New Salience After Decay
new_salience = clamp(salience × f, 0, 1)
Compression Mechanics
Vector Compression
When decay factor f < 0.7, vectors are compressed:
# Original vector: 1536 dimensions
# Decay factor: f = 0.6
# Target dimensions: floor(1536 × 0.6) = 922 dimensions
# Compression via pooling
bucket_size = ceil(original_dim / target_dim)
compressed_vec = [mean(vec[i:i+bucket_size]) for i in range(0, len(vec), bucket_size)]

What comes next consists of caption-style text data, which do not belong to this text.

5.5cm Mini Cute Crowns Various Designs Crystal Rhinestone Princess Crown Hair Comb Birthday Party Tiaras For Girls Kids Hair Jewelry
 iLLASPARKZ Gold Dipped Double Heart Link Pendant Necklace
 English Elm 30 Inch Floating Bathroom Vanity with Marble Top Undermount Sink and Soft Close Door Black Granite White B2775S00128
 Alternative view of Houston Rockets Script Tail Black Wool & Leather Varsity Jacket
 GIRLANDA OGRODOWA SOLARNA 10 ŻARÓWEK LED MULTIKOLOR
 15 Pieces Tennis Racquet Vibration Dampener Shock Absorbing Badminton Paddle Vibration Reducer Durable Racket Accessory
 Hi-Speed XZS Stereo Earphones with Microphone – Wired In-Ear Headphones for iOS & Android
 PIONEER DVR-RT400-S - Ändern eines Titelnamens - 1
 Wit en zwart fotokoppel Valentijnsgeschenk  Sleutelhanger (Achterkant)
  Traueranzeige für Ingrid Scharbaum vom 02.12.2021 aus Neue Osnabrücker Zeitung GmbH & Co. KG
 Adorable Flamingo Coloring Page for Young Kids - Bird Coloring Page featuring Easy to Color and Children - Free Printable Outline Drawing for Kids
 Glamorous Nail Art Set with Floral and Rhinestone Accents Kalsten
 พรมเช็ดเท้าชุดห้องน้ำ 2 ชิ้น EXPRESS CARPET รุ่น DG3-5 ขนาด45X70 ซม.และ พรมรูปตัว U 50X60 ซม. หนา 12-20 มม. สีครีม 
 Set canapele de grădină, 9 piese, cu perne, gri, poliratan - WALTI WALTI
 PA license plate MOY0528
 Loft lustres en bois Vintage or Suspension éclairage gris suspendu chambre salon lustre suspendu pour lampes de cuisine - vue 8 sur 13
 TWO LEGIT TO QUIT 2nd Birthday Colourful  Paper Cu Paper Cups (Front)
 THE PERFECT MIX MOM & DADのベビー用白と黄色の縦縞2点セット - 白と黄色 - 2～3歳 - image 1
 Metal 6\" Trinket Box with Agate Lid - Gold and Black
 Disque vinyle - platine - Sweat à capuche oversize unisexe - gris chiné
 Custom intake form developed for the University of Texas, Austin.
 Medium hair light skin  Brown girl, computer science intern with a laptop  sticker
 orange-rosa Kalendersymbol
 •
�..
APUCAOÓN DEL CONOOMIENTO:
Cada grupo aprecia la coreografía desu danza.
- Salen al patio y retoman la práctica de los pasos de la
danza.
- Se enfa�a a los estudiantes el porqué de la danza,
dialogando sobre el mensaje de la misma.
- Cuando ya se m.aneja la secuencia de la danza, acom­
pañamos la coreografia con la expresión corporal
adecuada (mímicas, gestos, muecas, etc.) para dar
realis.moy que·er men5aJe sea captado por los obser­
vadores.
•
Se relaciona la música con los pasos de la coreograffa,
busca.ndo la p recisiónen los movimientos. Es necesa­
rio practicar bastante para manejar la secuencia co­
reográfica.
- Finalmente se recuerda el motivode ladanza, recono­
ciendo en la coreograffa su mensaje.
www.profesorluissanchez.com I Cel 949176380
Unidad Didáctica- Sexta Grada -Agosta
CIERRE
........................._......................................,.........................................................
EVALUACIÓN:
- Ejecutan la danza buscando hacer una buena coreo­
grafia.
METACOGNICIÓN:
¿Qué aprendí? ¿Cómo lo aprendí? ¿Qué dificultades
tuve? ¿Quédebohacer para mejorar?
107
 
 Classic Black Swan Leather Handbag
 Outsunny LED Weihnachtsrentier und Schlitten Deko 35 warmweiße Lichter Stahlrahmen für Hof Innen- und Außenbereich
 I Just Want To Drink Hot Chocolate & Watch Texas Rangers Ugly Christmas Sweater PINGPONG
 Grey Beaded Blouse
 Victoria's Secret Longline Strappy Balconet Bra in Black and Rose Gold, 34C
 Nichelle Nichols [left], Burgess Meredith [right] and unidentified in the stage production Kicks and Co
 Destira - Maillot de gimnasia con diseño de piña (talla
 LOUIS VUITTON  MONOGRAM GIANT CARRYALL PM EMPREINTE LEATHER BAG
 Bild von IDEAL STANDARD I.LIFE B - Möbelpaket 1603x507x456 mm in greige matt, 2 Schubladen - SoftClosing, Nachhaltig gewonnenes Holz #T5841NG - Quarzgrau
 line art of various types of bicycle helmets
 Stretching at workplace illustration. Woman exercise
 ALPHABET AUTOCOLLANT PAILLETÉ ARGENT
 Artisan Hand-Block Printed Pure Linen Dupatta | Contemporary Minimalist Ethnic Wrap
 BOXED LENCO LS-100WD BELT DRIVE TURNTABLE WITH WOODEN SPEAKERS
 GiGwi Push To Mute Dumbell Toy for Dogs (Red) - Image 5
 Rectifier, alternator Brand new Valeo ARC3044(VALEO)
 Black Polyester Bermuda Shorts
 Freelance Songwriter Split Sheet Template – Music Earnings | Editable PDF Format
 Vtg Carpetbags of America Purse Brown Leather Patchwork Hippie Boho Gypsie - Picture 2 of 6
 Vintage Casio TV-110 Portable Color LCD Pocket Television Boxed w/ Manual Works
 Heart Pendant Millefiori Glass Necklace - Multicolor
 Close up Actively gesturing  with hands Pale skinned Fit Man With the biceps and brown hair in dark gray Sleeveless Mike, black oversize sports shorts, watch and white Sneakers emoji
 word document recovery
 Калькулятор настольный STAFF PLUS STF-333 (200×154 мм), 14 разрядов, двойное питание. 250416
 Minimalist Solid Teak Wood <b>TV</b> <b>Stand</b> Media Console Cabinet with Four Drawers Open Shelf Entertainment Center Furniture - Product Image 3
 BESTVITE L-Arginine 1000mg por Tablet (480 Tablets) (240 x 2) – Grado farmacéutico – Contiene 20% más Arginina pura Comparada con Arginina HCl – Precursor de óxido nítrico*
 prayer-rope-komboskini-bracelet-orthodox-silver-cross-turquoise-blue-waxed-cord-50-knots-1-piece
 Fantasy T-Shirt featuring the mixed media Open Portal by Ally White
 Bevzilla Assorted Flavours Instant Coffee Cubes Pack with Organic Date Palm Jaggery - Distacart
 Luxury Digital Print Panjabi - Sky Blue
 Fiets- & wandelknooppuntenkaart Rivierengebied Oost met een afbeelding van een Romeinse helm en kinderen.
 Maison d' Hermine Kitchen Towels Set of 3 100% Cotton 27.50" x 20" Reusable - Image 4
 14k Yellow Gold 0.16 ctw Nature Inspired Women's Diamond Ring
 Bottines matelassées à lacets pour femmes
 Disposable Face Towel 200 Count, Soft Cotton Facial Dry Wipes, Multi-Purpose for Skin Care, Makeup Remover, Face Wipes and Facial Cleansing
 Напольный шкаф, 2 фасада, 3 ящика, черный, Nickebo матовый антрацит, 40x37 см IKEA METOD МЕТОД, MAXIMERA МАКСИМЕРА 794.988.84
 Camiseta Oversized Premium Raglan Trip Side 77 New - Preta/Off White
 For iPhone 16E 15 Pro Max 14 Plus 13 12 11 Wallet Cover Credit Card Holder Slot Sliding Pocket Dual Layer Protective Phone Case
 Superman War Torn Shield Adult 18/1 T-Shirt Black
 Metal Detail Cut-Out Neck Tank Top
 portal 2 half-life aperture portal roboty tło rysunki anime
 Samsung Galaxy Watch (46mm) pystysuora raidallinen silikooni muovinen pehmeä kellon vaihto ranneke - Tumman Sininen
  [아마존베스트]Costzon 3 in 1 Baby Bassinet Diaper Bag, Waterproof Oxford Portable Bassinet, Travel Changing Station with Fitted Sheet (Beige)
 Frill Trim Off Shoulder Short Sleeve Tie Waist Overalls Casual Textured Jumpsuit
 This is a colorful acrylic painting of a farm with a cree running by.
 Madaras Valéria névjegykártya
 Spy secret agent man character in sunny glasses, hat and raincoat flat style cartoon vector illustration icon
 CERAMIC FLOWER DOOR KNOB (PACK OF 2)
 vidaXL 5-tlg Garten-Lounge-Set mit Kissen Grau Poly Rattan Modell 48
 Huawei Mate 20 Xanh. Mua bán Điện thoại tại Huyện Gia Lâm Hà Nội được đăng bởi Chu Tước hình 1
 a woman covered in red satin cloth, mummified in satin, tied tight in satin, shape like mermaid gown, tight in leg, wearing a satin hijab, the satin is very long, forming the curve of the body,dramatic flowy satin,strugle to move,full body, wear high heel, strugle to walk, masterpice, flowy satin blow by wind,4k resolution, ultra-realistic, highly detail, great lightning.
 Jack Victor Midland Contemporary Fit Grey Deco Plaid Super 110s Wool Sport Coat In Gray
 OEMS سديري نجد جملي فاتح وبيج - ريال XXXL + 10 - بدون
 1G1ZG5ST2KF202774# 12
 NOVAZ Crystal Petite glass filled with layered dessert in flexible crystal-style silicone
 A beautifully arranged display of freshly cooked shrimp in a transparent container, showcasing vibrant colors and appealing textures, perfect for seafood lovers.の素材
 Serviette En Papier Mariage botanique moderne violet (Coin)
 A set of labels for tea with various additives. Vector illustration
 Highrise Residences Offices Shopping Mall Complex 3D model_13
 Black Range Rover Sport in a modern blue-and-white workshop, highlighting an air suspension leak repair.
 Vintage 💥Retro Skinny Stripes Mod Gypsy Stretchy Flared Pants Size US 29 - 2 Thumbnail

normalized = normalize(compressed_vec)
Compression Limits:
- Minimum: 64 dimensions
- Maximum: Original dimensions (256/384/1536 based on
OM_TIER)
Example: 1536d → 922d → 614d → 384d → 256d → 128d → 64d (min)
Summary Compression
Summaries compress in layers based on decay factor:
if f > 0.8:
# Light compression - truncate
summary = original[:200] + "..."
elif f > 0.4:
# Medium compression - extractive summary
summary = top_sentences(original, 3)[:80]
else:
# Heavy compression - keywords only
summary = " ".join(top_keywords(original, 5))
Fingerprinting
When f < cold_threshold (default 0.25-0.3), memories are fingerprinted:
# Create minimal representation
fingerprint_vector = hash_to_vec(id + summary, 32) # 32 dimensions
fingerprint_summary = " ".join(top_keywords(content, 3)) # 3 keywords
# Replace full memory
update_vector(id, fingerprint_vector)
update_summary(id, fingerprint_summary)
Fingerprinted memories occupy minimal space but can be regenerated when accessed.
Practical Examples
Example 1: Hot Memory Lifecycle
# Day 0: Add important memory
om.add("Critical API authentication flow uses JWT tokens")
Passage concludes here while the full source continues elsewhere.